Data-Driven Solutions in the Age of Informed Intuition
Turning information into insight

According to Fortune Business Insights, the global market for data analytics is currently valued at more than $348.21 billion and will grow to $961.89 by 2032. North America takes nearly one-third of that market share.
By 2030, global data creation is projected to surpass 612 zettabytes, according to Statista. A zettabyte is 1 billion terabytes (TB), which is approximately all the grains of sands on all the world’s beaches. Just as it would be impossible for a team of humans to sift through each grain of sand on even a single beach, this amount of data necessitates automation.
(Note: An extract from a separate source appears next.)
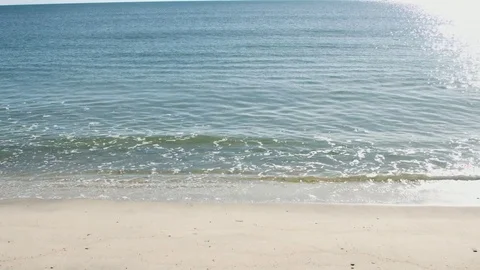 Small waves crashing on the beach during the summer Stock-Footage 76591399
Though the term “mining” has been used to describe the process of data analysis, this analogy is too simplistic, suggesting a false dichotomy of useless rock versus precious stones. Going through large data sets is more like searching through an antique store or flea market. Among piles of useless, outdated hand-me-downs and cheap trinkets, there are priceless artifacts and useful pieces, hiding behind mounds of old rags without any real sense of organization.
Admittedly, “data mining” has a better sound than “data antiquing.” Regardless of the metaphor, when seeking data-driven solutions to problems in business, there are some proven tools and strategies for getting the best use from large data.
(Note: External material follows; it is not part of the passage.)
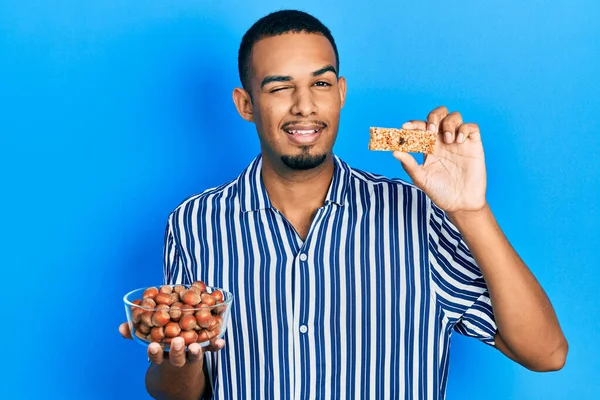 Joven Hombre Afroamericano Sosteniendo Avellanas Crudas Barra Cereal Guiño Mirando — Foto de Stock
Data mining makes use of machine learning, artificial intelligence, and statistics to glean patterns, oddities, and trends in data. Though intuition, human connection, and a keen eye for best practices will remain a significant part of operations for any business, analytics can improve overall company health.
The most successful hospitals use data analytics for risk stratification, quality of care, and patient flow/demand forecasting. Restaurants can use data to follow trends in social media to create popular seasonal items. A coffee shop or café can gather and analyze data for optimization of its menus and customer satisfaction, answering questions, such as, “How long will pumpkin spice lattes be in demand this year?”
Businesses that utilize data analytics to improve customer relations can boost marketing effectiveness, optimize operations, and increase profitability. Though email surveys and suggestion boxes may be the most affordable option, even small businesses can benefit from using professional analytics on the pricing of goods and services.
Before venturing into the data field, it is important to set goals and ask the correct questions.
Are you trying to increase your customer base or expand into a new market? Are you suddenly losing profits and need to ascertain why? Do you simply want a redesign of the brand and want to know if the timing is right? (Here’s looking at you Cracker Barrel. Too soon?)
These goals will determine the categories required for collection. For rapid results, there are data platforms and marketplaces such as Datarade, Snowflake, and AWS Data Exchange. There are also specialized data providers, such as Experian, Equifax, or ZoomInfo. Google Cloud Analytics Hub, IBM, and CoreLogic are other well-known data resellers. Many of these companies also offer visualization packages and other services at a premium.
For small businesses, more affordable options exist (see sidebar). However the data is collected, the next step is classification into common categories (clustering). For readers with a penchant for programming, R and Python have nice packages for data analytics and visualization
of results.
Once the results are in, it is crucial to understand the meaning behind associations discovered between variables.
Predictability does not equate to inevitability. Finding a relationship between variables is the true value of data analytics; however, correlation does not imply causation. If there is an association between winter and an increased demand for peppermint-flavored products, then it would be wise to carry a few items for that target demographic. But market fatigue could result in a reduction in profits when trends suddenly shift. How long should these products be offered to optimize profitability? This is another important question that might require additional analytics, which brings us to the heart of the power of data analytics: Refine your goals, and iterate through the data when possible. ▪
Effective methods for collecting data
Small businesses collect customer data through direct methods like surveys, interviews, and online forms, and indirect methods like website analytics, social media monitoring, and transaction tracking.
By using a combination of these techniques, businesses can gain insights into customer demographics, behaviors, and preferences
to improve products and services.
Direct methods
→ Surveys and questionnaires: Ask customers directly for feedback on their experience, preferences, and demographics through online or physical forms.
→ Interviews and focus groups: Conduct one-on-one or group conversations for more in-depth, qualitative feedback.
→ Online forms: Collect information
when customers sign up for newsletters, create accounts, or use contact forms on
your website.
→ Contests and promotions: Offer incentives for customers to provide their contact information and other relevant details.
Indirect methods
→ Website analytics: Use tools to track how customers interact with your site, including pages visited and time spent on each page.
→ Social media monitoring: Observe who interacts with your brand’s social media pages and what they are saying about your products and services.
→ Transaction tracking: Analyze purchase history to understand buying habits and preferences from point-of-sale or e-commerce platforms.
→ Observation: Watch how customers interact with your product or service in a physical or digital environment to see their behaviors in real-time.
→ CRM systems: Use customer relationship management software to centralize and organize customer data, interactions, and purchase history.